Under the logic of Feeney and equal protection cases more broadly, Calvary Chapel would not be a case of anti-religious discrimination unless it could be shown that Nevada gave a preference to casinos, bowling alleys, and restaurants because they're not religious gatherings rather than simply in spite of that fact. Feeney and equal protection cases more broadly define discrimination as intentional disadvantage, not merely the failure to extend comparable treatment.

It might be objected that the Nevada directive in Calvary Chapel does not merely incidentally impact worship services but in Section 11 expressly identifies them. By contrast, in Feeney, there's no express sex classification. However, this objection misses the mark. The reason that Nevada singles out worship services is to treat them more favorably than some other comparable gatherings, such as "musical performances, live entertainment, concerts, competitions, sporting events, and any events with live performances," which are closed to the public per Section 22. If worship services were simply included in some larger category of "indoor gatherings" that included those other events but excluded casinos, bowling alleys, and restaurants, Justice Kavanaugh's analysis would be exactly the same. So the fact that the Nevada directive mentions worship services expressly is not relevant to the analysis. Calvary Chapel is indistinguishable from Feeney; if a veterans' preference didn't discriminate against women, then a casino preference doesn't discriminate against churches.

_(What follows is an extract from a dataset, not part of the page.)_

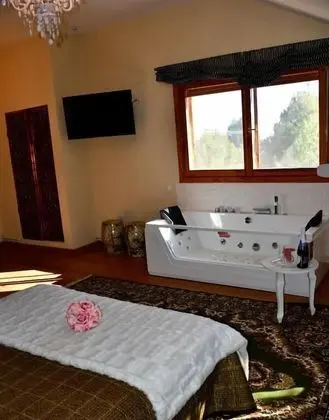 Romantic Stüdyo Süit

Where does this all leave us? Although Justice Kavanaugh misstates the current law, a colorable argument can be made for his view as a normative matter, and Professor Laycock has made that argument forcefully. Nonetheless, I think the argument should fail, as an example shows.

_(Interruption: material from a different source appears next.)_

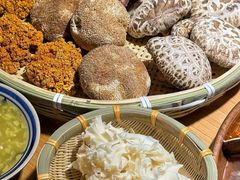 -洱火云南酸菜牛肉火锅(石景山当代商城店)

Suppose a state were to mandate vaccination for COVID-19 once a vaccine becomes available, exempting only people who have medical conditions that make vaccination very risky but not exempting generic anti-vaxxers or religious anti-vaxxers. Under the Laycock/Kavanaugh most-favored-nation approach, the state would need to justify its failure to extend the exemption to religious anti-vaxxers--and it's not clear that the courts would accept the argument that herd immunity cannot be achieved without a threshold of vaccination. If so, a religion-friendly court might say, there's insufficient reason to give medical exemptions but not religious ones unless one thinks that health is more important than salvation, a judgment that our increasingly theocratic judiciary might deem impermissible. I hope a court wouldn't so conclude but there's really no good reason why the issue should even arise. A regime of medical but not other exemptions is simply not discriminatory against religion in any conventional sense of discrimination. The Laycock/Kavanaugh approach is really an effort to overrule Smith through the back door.

Perhaps Smith should be overruled. Perhaps Feeney and the Court's skepticism of disparate impact claims more broadly should be re-examined. I have criticized Smith in the past, although, like many liberals, I have grown increasingly wary of a robust religious exceptions regime as I have seen how religious conservatives have been able to use constitutional free exercise and statutory RFRA claims to undercut anti-discrimination law and other progressive policies. Whatever one's views about the wisdom of Smith and the Court's disparate impact case law in equal protection, however, it would be better to debate these matters directly.